Better experience in portrait mode.
Iklan - Geser ke atas untuk melanjutkan

Derita Tan Malaka di Singapura, diburu intel dan tak punya uang

Derita Tan Malaka di Singapura, diburu intel dan tak punya uang tan malaka. ©2014 Merdeka.com

Merdeka.com - Indonesia dan Singapura belakangan bersitegang terkait penamaan KRI Harun Usman. Singapura protes karena penamaan KRI Usman Harun diambil dari nama dua anggota KKO yang mengebom MacDonald House di Orchard Road, Singapura, pada 1965.

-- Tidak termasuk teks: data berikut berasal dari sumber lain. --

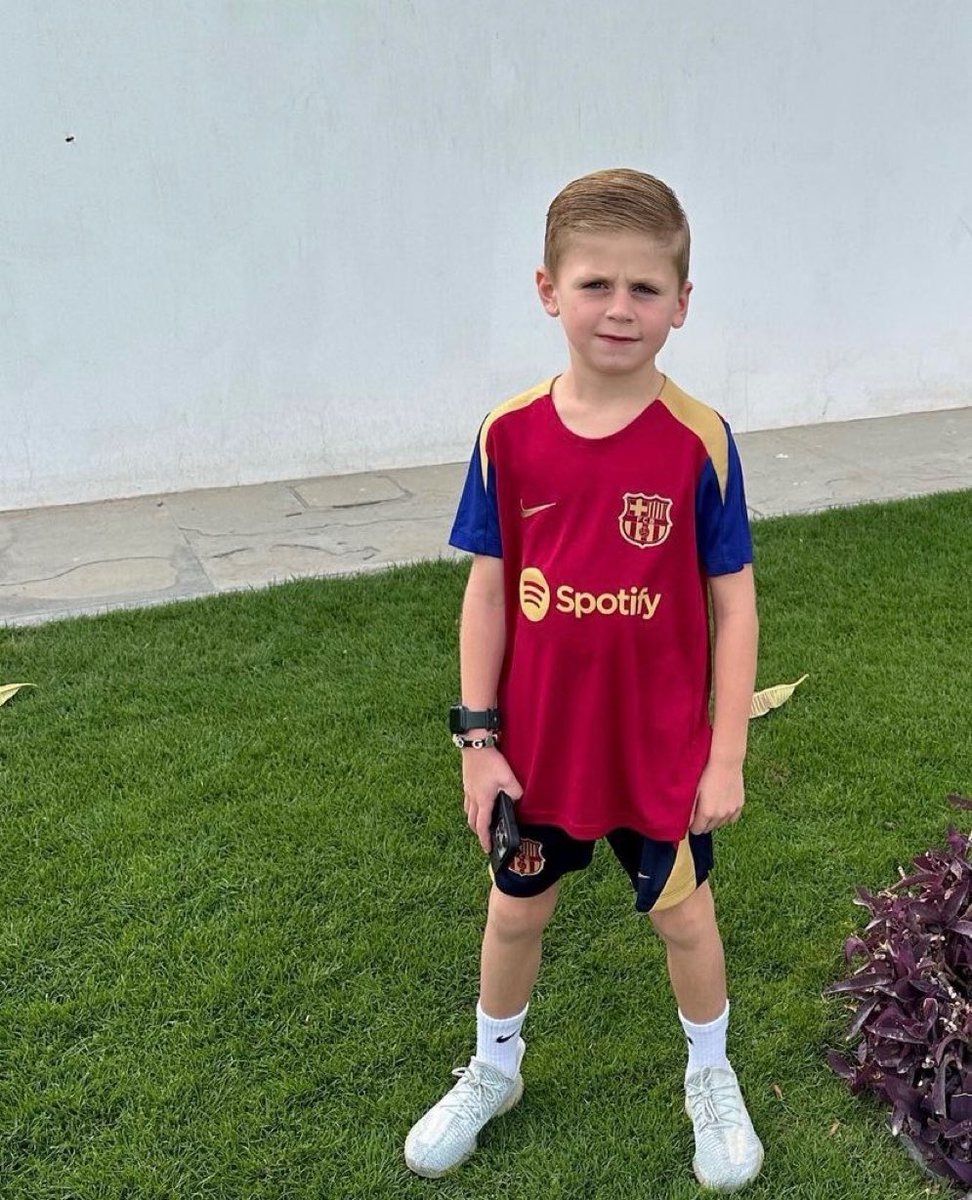 📸 El hijo de Steven Gerrard con la equipación de entrenamiento del Barça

Dulu, Singapura menjadi salah satu tempat pelarian Tan Malaka dari buruan polisi rahasia negara imperialis Inggris, Belanda dan Amerika Serikat. Bapak Republik Indonesia itu pernah dua kali tinggal di Singapura pada 1927 dan 1937.

Tan datang kali kedua di Singapura meninggalkan Amoy karena tentara Jepang telah masuk ke wilayah China itu. Tan Malaka tiba setelah menumpang kapal dari Amoy menuju Hong Kong dan Rangoon, Burma. Meski kapal itu sempat berlabuh di Singapura, Tan tak langsung turun di kota itu. Sebab, saat itu Tan memiliki tiket menuju Ranggon dan pihak kapal menahan USD 25 dan kartu pas penumpangnya sebagai jaminan agar tak turun di tempat yang tak sesuai dengan tujuan di tiketnya.

Orang lain juga bertanya?

Saat itu, Tan harus benar-benar berhemat karena kondisi keuangannya yang memprihatinkan. Saat itu, isi dompetnya sudah habis dan ia terancam tak bisa makan alias kelaparan.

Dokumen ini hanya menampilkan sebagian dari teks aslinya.